Alaska's recession is worse than it needed to be because the state didn't solve its fiscal gap last year. The longer we wait for a solution, the longer the recession will last.
The private sector has frozen investment and hiring while waiting for the Alaska Legislature to act. The uncertainty about taxes and government spending is too great.
"If you want to kill investment, create fear, uncertainty and doubt," said Bob Kaufman, who owns a tourism and advertising business. "I would be more comfortable with a smaller state and a smaller economy but have certainty around it. Because now I can build a business."
I heard the same response from all the business people I talked to over the last week. I also checked those impressions with a survey of business people by the Anchorage Economic Development Corp.
Everyone said the Legislature's indecision is dragging down the economy. Businesses need to know when changes will hit and how severe they will be so they can anticipate economic conditions.
"This uncertainty is getting to the point now where it is creating a crisis in confidence," said AEDC president Bill Popp, relaying the survey results. "The No. 1 barrier to growth is the state fiscal situation. There is not even a close second."
Expectations drive investment. Businesses don't risk spending on hiring or new facilities when they think the economy is shrinking and new capacity will not be needed. That restraint makes the economy worse. When investors see the bottom, they spend again to compete for a share of coming growth.
A bottom that comes sooner rather than later would allow investment to begin again. An unpredictable, drawn-out change in state policy is the worst outcome, because it puts the future further away.
"It will be a period of several years of turmoil, and then there will be stability, but a new type of stability, and we don't know what that will look like yet," said Betsy Lawer, president of First National Bank Alaska. "We won't know until Juneau takes some actions and makes some decisions."
"Failure to balance the budget and stabilize the investment climate can only result in continued decline," said Jim Jansen, CEO of Lynden, the freight firm.
Lynden relies on Alaska. Seventy percent of its freight touches here. Last year, the company's cargo volumes were down 10 percent and in 2015 were down 5 percent. It has managed reductions through attrition and by not replacing aging equipment, Jansen said.
Telecommunications company GCI cut capital investment 25 percent after the Legislature failed to pass a fiscal solution, said CEO Ron Duncan. It is expanding its business outside Alaska.

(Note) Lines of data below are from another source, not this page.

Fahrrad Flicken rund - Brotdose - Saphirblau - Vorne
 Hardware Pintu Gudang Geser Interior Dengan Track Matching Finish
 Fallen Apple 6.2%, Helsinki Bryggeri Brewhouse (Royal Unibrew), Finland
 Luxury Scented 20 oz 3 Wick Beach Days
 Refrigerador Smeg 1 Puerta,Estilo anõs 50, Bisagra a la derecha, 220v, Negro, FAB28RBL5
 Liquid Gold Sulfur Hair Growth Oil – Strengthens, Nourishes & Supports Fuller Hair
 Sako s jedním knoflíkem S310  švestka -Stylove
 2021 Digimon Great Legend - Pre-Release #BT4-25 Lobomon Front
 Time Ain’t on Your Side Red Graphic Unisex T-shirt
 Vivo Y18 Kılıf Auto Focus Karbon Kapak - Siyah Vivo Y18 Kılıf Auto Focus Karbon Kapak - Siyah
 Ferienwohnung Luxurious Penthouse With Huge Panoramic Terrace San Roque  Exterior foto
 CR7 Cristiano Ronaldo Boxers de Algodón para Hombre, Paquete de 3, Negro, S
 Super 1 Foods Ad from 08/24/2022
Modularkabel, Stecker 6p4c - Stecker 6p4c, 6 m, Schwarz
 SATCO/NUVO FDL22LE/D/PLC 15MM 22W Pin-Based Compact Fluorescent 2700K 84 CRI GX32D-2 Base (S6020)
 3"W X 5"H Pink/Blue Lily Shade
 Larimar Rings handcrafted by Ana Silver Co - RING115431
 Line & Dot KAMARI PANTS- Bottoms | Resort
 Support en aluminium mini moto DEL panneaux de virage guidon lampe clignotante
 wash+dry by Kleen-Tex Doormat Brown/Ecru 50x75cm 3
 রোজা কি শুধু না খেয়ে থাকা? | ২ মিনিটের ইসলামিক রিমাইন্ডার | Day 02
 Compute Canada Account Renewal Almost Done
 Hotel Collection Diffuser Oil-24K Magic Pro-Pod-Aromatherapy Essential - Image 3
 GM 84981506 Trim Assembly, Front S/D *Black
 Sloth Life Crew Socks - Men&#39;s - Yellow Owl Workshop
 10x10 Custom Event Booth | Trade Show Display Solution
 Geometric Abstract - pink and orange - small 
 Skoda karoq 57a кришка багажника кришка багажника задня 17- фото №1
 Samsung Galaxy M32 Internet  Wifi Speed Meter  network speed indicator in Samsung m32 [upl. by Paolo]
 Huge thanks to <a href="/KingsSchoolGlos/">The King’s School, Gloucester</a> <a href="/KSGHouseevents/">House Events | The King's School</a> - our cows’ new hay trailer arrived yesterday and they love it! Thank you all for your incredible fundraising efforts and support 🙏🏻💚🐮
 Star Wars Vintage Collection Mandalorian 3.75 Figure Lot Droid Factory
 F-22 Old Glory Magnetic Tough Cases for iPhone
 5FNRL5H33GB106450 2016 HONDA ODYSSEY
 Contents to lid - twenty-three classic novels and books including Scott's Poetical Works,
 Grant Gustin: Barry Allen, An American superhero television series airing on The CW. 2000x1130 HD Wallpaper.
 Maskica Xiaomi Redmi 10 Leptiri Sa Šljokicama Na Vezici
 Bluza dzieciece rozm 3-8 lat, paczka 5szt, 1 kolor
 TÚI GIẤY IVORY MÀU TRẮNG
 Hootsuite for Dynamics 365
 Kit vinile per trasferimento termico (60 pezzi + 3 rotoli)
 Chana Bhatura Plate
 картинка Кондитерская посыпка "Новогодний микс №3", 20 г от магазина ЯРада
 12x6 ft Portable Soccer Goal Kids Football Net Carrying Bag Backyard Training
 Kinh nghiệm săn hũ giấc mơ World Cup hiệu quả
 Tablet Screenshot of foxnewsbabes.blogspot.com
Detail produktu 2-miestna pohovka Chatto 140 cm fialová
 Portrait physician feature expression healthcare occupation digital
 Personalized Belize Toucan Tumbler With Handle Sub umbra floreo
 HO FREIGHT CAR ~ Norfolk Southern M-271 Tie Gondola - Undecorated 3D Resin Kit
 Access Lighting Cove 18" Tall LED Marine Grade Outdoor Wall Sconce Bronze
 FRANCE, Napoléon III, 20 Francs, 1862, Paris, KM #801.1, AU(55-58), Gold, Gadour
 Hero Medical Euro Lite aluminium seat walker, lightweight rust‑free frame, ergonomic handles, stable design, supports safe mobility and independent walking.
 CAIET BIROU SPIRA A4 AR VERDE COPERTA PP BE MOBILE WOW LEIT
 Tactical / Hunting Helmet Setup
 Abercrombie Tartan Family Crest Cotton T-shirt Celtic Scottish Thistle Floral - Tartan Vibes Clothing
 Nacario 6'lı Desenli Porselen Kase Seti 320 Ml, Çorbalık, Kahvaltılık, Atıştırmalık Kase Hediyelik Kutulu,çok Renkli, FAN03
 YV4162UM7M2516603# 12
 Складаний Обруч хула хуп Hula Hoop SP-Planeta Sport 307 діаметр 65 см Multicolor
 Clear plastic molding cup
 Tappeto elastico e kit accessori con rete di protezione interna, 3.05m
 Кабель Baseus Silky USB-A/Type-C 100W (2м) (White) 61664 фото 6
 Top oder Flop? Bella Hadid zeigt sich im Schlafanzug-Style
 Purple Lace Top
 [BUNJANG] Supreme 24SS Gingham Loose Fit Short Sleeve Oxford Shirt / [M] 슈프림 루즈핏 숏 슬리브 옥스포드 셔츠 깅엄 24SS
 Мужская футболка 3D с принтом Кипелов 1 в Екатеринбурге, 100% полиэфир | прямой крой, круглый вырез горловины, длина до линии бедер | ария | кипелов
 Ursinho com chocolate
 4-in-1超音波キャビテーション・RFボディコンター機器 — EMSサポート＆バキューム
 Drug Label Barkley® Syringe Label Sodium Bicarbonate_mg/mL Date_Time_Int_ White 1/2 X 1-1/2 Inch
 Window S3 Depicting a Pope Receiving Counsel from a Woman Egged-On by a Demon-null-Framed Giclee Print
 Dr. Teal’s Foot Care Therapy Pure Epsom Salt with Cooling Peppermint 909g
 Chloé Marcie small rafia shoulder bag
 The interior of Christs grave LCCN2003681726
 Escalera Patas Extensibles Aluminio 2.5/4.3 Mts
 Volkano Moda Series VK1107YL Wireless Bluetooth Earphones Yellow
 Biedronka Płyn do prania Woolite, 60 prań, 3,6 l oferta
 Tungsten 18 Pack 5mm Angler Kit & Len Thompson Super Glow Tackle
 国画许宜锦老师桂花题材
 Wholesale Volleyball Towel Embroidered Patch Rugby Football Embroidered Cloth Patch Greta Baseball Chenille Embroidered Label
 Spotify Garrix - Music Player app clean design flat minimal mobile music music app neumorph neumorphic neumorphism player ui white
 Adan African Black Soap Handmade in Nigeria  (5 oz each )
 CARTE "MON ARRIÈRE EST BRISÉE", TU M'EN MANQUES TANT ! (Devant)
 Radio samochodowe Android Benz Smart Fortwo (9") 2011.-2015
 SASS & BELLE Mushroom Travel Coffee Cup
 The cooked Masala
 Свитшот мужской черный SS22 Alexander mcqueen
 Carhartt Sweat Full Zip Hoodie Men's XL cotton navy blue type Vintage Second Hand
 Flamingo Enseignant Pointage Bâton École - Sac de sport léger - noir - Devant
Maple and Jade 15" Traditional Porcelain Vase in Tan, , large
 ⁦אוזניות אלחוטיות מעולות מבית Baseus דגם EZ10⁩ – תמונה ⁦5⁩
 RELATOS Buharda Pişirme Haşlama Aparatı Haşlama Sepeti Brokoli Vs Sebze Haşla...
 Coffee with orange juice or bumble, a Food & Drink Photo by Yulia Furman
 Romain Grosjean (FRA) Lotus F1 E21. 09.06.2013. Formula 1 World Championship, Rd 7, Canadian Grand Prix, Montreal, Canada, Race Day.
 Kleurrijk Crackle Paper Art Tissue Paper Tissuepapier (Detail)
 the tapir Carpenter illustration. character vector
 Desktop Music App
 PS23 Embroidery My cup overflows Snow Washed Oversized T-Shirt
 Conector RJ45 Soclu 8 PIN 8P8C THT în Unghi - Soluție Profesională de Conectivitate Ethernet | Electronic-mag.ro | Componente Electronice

Business people are in remarkable agreement on what a solution should look like. Popp's survey of 300 businesses found 100 percent wanted a balanced solution that uses all options, not just budget cuts, as some Senate Republicans have suggested.
The plan advanced by Sen. Mike Dunleavy, R-Wasilla, to balance the budget through huge, unspecified cuts spread over four years is the opposite of what the business community says it needs. His plan would be economic poison.
Legislative promises of future, unspecified cuts are not credible. And business people said a partial or unpredictable solution would be a disaster.
"There's pain. You don't want to extend that pain for three years," Kaufman said. "It's like jumping from a rooftop to another rooftop. If you're not going to jump all the way across, don't jump."
I had the feeling from these conversations that if I was sitting in a room with these business people, we could agree on a solution to the fiscal gap fairly quickly. But getting there requires a new perspective.
For decades, Alaska's state government has run on oil money, with the Legislature's main function being dividing up the spoils. Democrats fought for more money for services, Republicans for more capital construction and lower oil taxes.
In our future economy, the private sector will be dominant. State government, rather than fueling the economy, will have to learn to be its servant.
Legislators know how to play the role of kids under a broken pinata, grabbing what they can for their constituents' goody bags. When Juneau is no longer a zero-sum game, their job will be much harder, finding the right balance of taxes and services that benefits us all the most.
For example, Jansen, who gets much of his business from the oil industry, opposes an increase in oil taxes. He said we need to start thinking of the industry more as a source of economic activity rather than a flow of dollars for the state government. (He did say the state's oil tax credits are probably too generous.)
Oil prices are down and Alaska's production costs are high but Jansen said enough oil remains profitable to keep the pipeline operating if the investment climate is attractive. The high cost of producing that oil will benefit the private economy even if the government gets a much smaller share.
Kaufman said we cannot cut public school classrooms much more — although we may be able to make administration more efficient — because if schools are weak, businesses such as his that rely on high-skill employees won't be able to retain them.
Both have good points. I plan to write about both these issues in future columns as I myself learn the right balance. It's possible that we need new combinations of political ideas in this new paradigm.
But once we've made that transition, the business people were surprisingly hopeful. Popp said the recession has been relatively mild so far, thanks to a variety of factors that have kept job losses from spiking too rapidly and have supported the real estate market. We're surviving.
Jansen pointed out that Alaska has important assets. It's true. Just look around you.
"There's no excuse for us to not be competitive," he said. "Everybody is so doom and gloom. Let's roll up our sleeves and go compete for the business. It may not be what we had but we could do pretty well."